# Coach perfume



## coachkitten (Mar 6, 2007)

I know that the new Coach perfume came out today in Coach stores.  Has anyone smelled this yet?  I am interested if it will have a "leather" type smell or what.  Let me know if anyone has tried it!  TIA!


----------



## juli (Mar 6, 2007)

I am curious as well! I just checked an email from Coach regarding their new perfume line.


----------



## ximperfect_onex (Mar 15, 2007)

I saw the display but I was in a hurry so I didn't get a chance to check it out. It looks awesome though, I had no idea they were releasing it so I was slightly confused at first haha.


----------



## tinagrzela (Mar 15, 2007)

I really really wanna smell this fragrance...but the nearest Coach store is about 5 hours from here...bummer!


----------



## poddygirl (Mar 15, 2007)

I got a deluxe sample of this in the mail from Coach (I obviously spend *way* too much at that store!). It is a very clean, fresh scent, perfect for spring/summer. White flower-y without being overpowering if you know what I mean.


----------



## jerseygirl005 (Mar 26, 2007)

i got this cute little bracelet with the scent on it when i went yesterday (ill edit with a pic). i really like the scent and as soon as i get some $$ i'm buying it.


----------



## tinagrzela (Mar 26, 2007)

oh my god!!! I bought a sample on ebay, and it's not for me it!!! I sprayed it once, not even a full spray. If someone wants to buy the sample from me, feel free to PM me!


----------



## Juneplum (Mar 26, 2007)

i just bought this on saturday! it's delish! it's nice for spring/summer! it's light and fresh tho it DOES smell like something i already have but i just can't put my finger on it right now!


----------



## SELFstyled (Mar 26, 2007)

I rec'd a sample of this & didn't care for it at all.  I'm not into Coach at all so maybe I'm just biased lol.


----------



## liv (Mar 28, 2007)

I bet this will  turn into this summer's D&G Light Blue.  

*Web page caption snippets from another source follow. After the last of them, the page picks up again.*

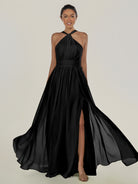 KissDress-Ciri Black A Line Chiffon Halter Neck Pleated Long Bridesmaid Dress with Slit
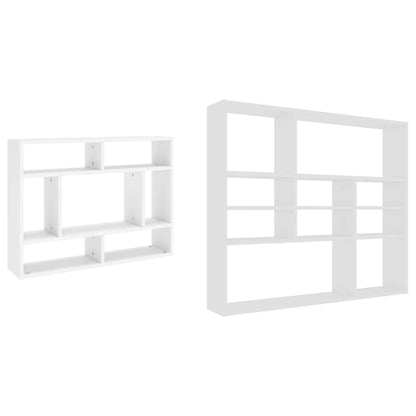 Wall Shelf White 90x16x78 cm Engineered Wood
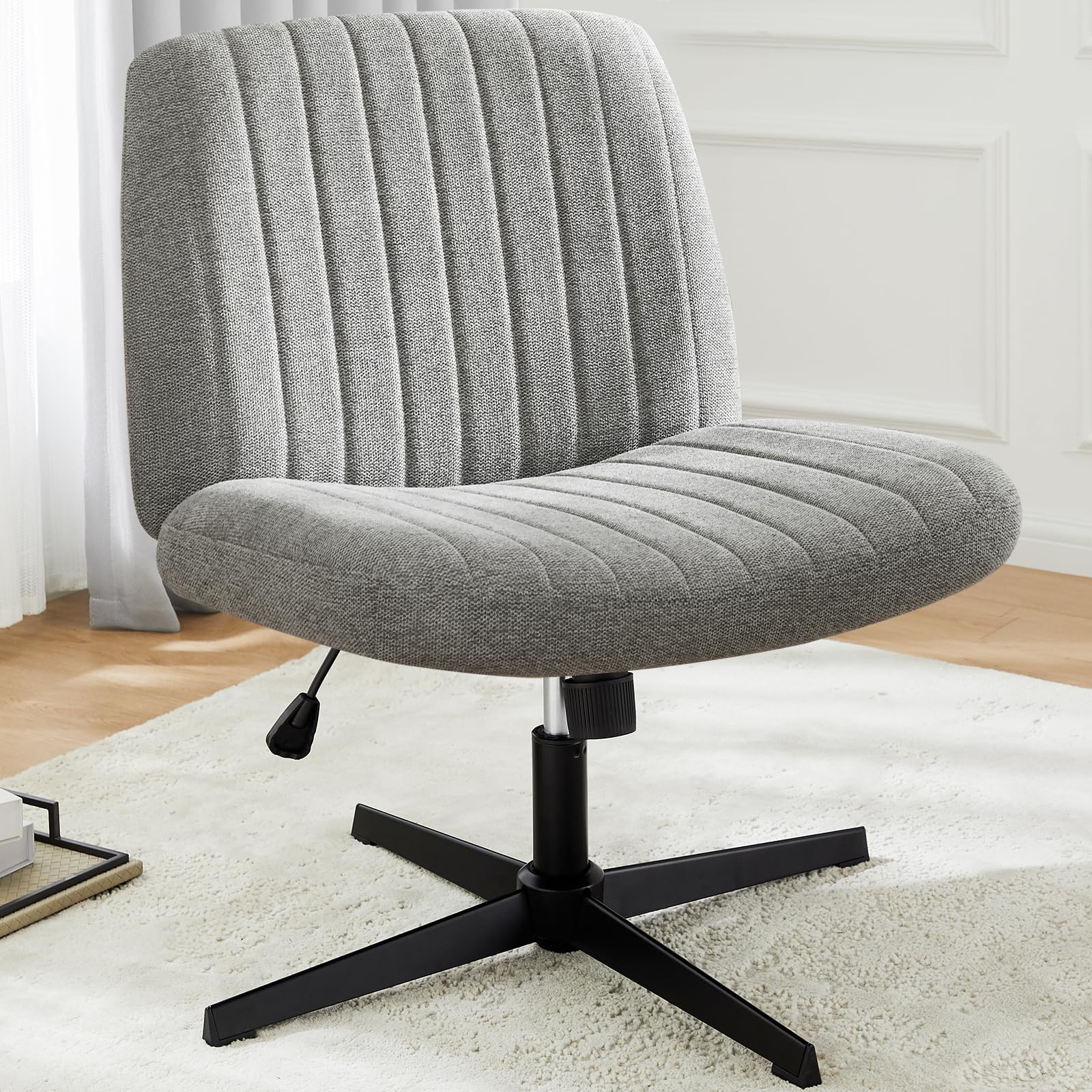 Dumos Criss Cross Legged Office Chair, Armless Wide Seat No Wheels, Modern Home Desk Seating Swivel Height Adjustable Fabric Vanity For Bedroom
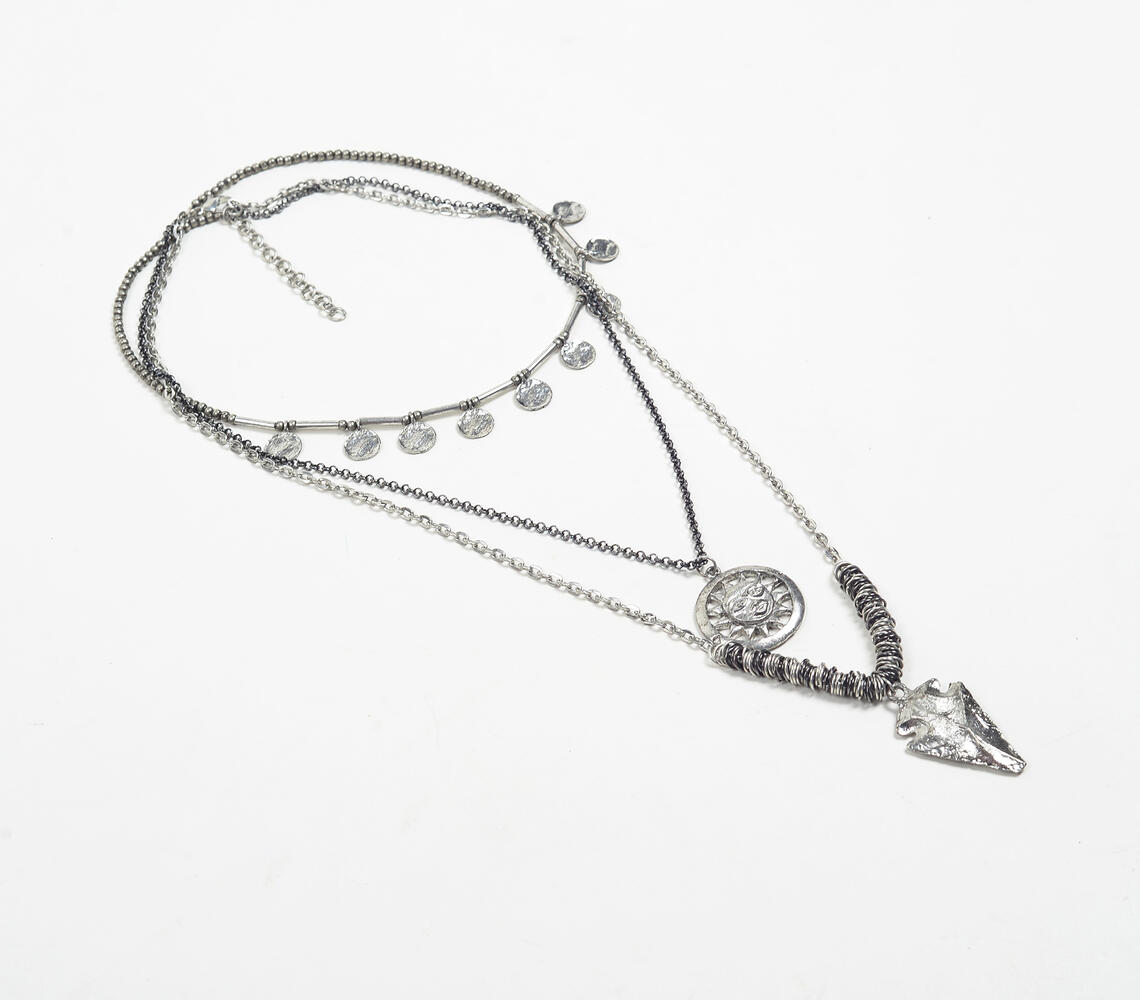 Antique Metallic Charm necklace - Silver - VAQL101018113973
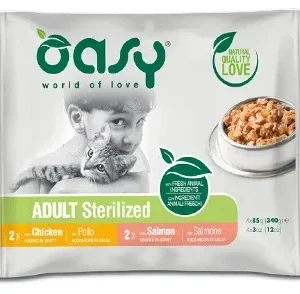 OASY Multipack za sterilizirane mačke, 2x s piletinom i 2x s lososom, 4x85g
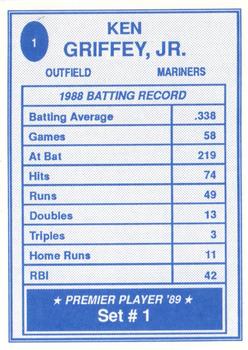1989 Premier Player '89 Set # 1 (unlicensed) #1 Ken Griffey Jr. Back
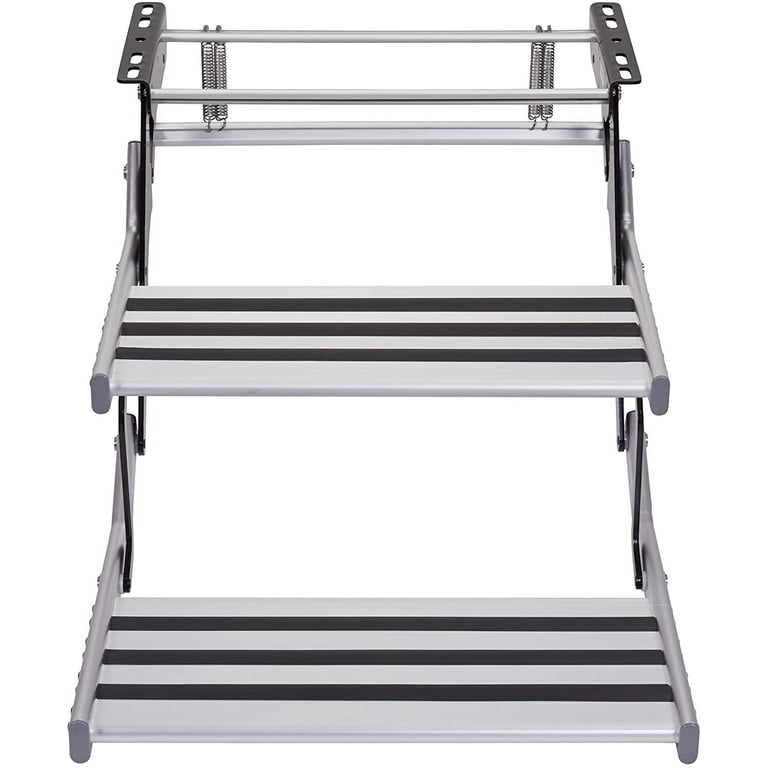 Hike Crew Manual RV Steps, Two-Step Retractable Camper Platform with Lock  Spring 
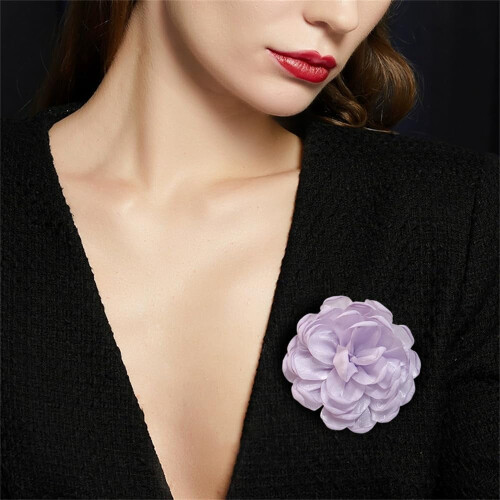 Καρφίτσα καρφίτσας Camellia από ύφασμα 9cm για γυναίκες και άνδρες – Κομψή καρφίτσα 1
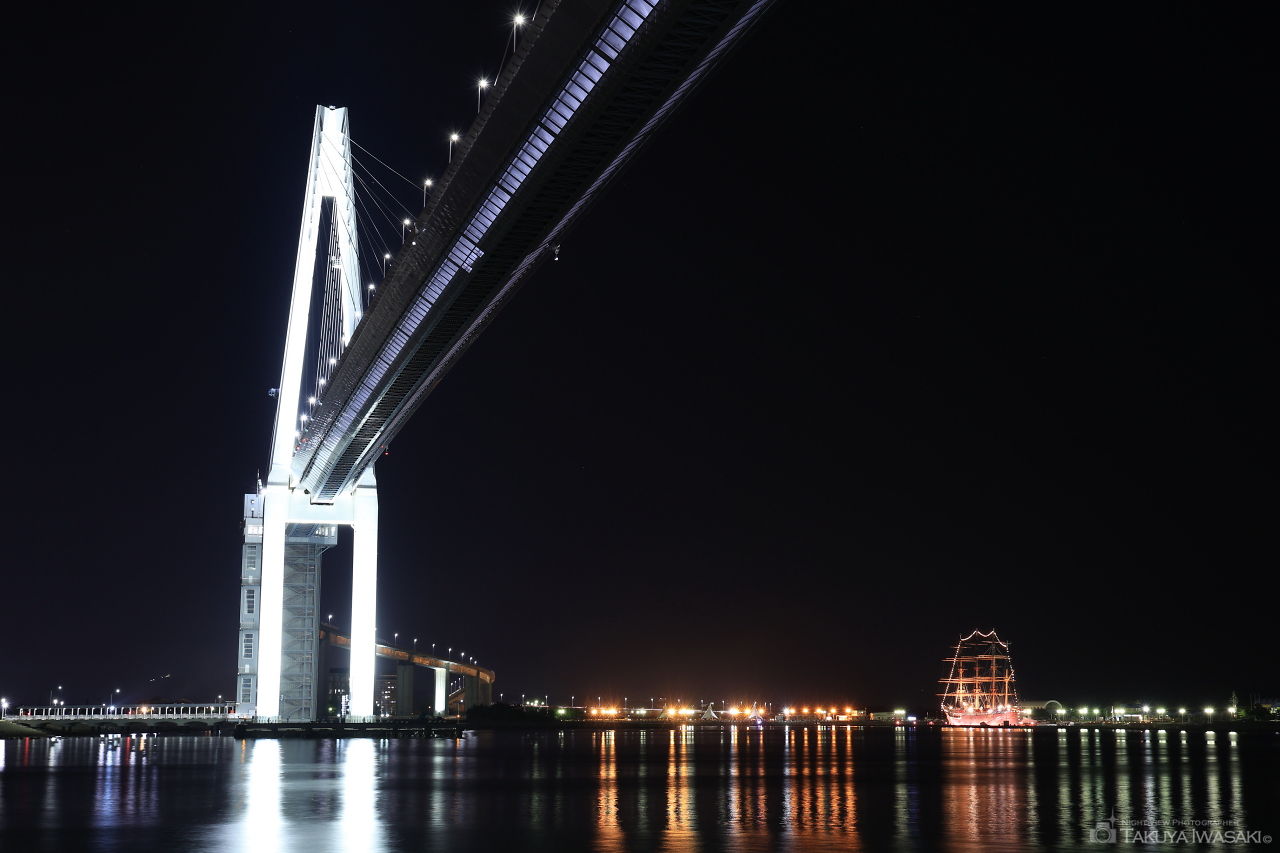 ライトアップされた新湊大橋と海王丸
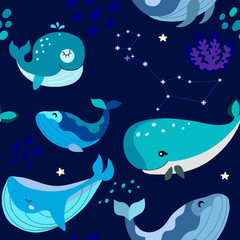 Seamless pattern with sleeping whales. Scandinavian kids texture for fabric, wrapping, textile, wallpaper. Cartoon Vector Illustration.
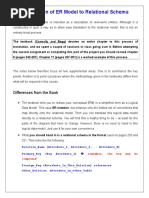 Translation of ER Model To Relational Schema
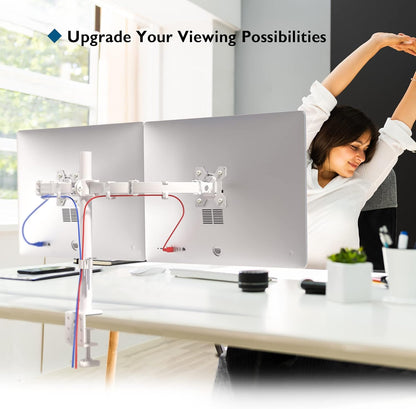 BONTEC Monitor Halterung 2 Monitore für 13-27 Zoll Flach & Curved Bildschirm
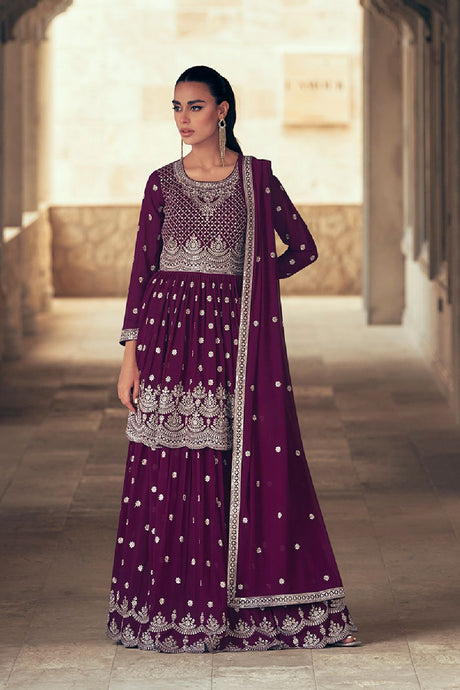 Women's Dark-purple Pure Georgette Zari Work Salwar Kameez Suit Set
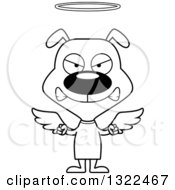 Poster, Art Print Of Cartoon Black And White Mad Dog Angel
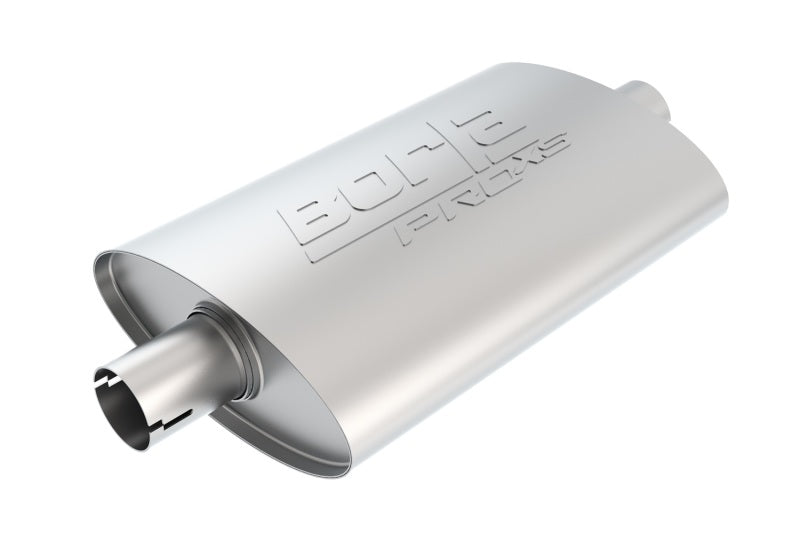 Borla Universal Pro-XS Oval 2.5-inch inlet and outlet muffler with center notched design for exhaust system enhancement.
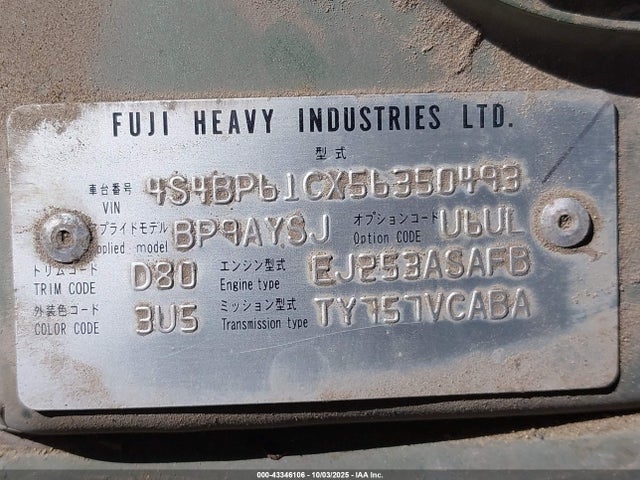 Продажа на аукционе авто 2005 Subaru Outback 2.5i, vin: 4S4BP61CX56350493, номер лота: 43346106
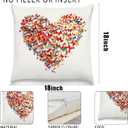 Colorful and White Aesthetic Decorative Throw Pillow Covers, Vibrant Heart Made of Butterflies Pattern Pillow Cases, Cute Trendy Nature Art Decor for Teen Girls Bedroom Dorm 18x18"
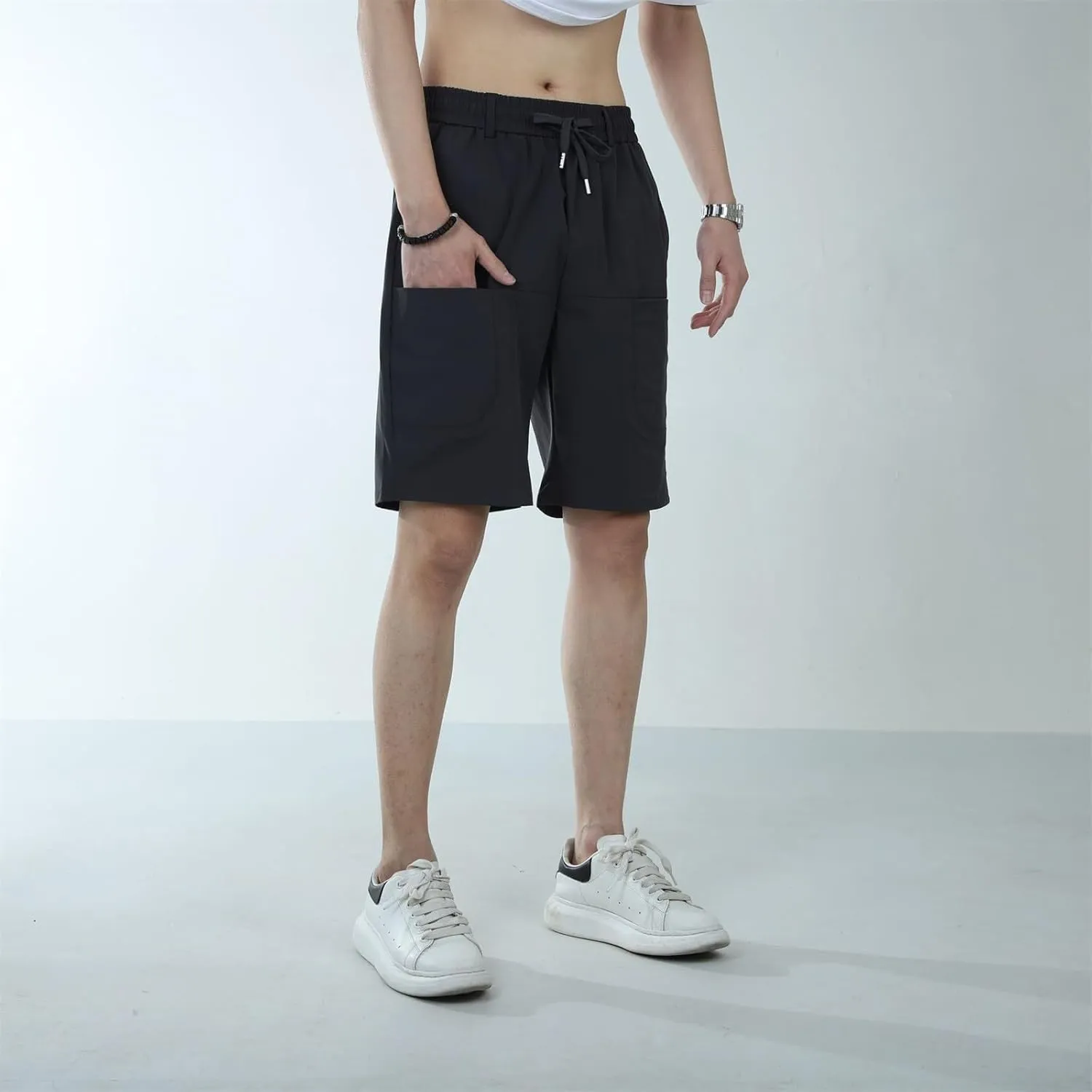 Mens Casual Fashion Capri Pants Summer Hip-Hop Solid Color Drawstring Waisted Running Sport Sweatpants with Pockets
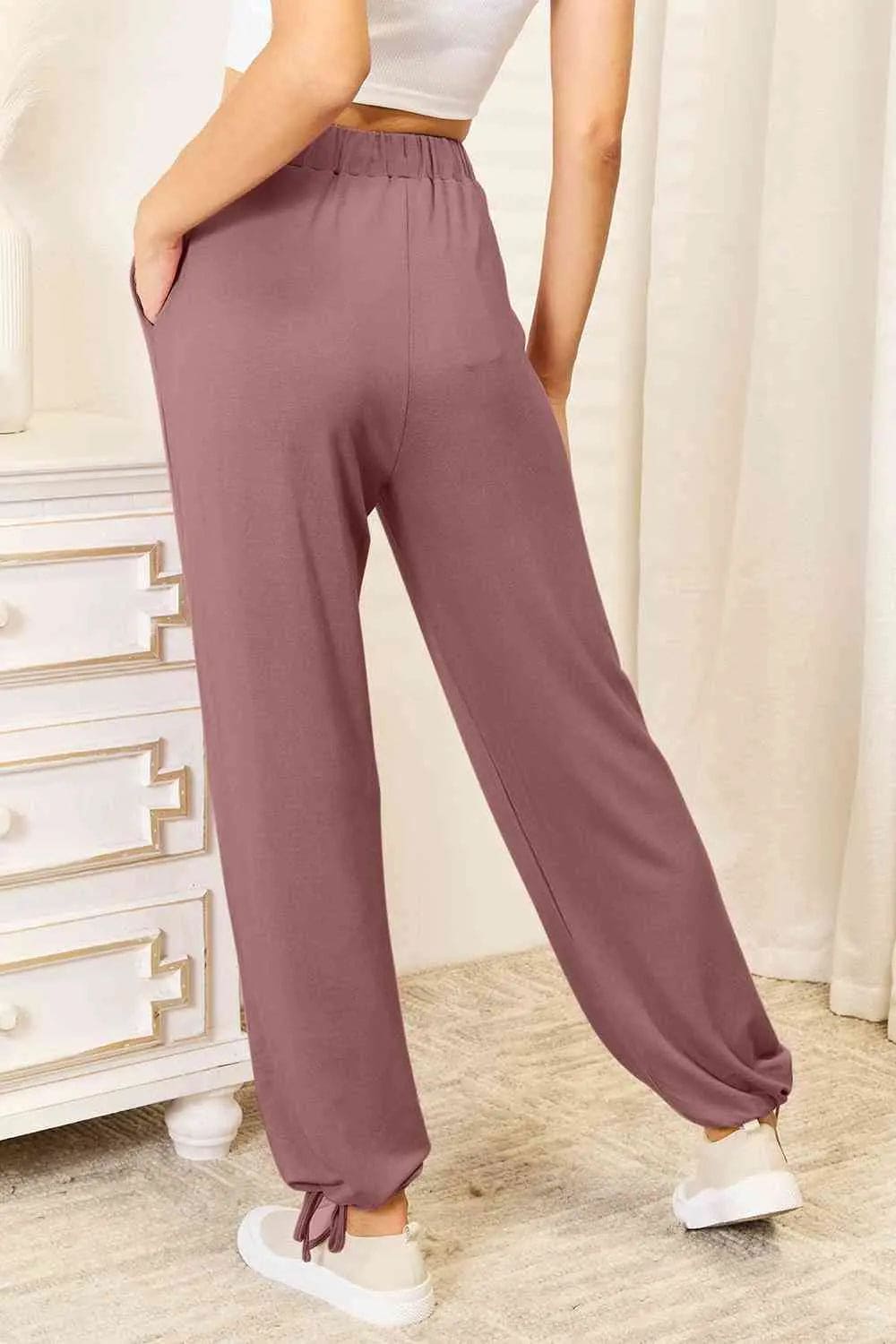 Soft Rayon Drawstring Waist Pants for Women - Full Length Comfort with Pockets | Casual Lounge, Yoga & Everyday Wear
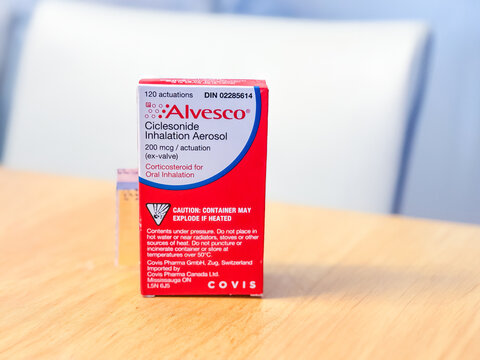 Calgary, Alberta, Canada. Apr 29, 2025. A red and white box of Alvesco Ciclesonide Inhalation Aerosol (200 mcg actuation) for oral inhalation and It contains 120 actuations.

I haven't had the chance to stop by Coach to smell this yet.  I'm not a huge fan of Coach bags though, so it doesn't really lure me in with the packaging, although it is pretty.


----------



## mistella (Mar 31, 2007)

I just bought this the other day! But I think I bought it because of the bottle.. it smells good but it's pretty average.


----------



## beauty_marked (Apr 5, 2007)

i got a whiff of the new scent when i was at the Coach in Mohegan, and I really like it. Its very light and fresh. kinda floral-y but its not too much. im thinking of getting it.


----------



## rockjr1984 (Feb 21, 2008)

I love this one....and I have to admit, the bottle is gorgeous!


----------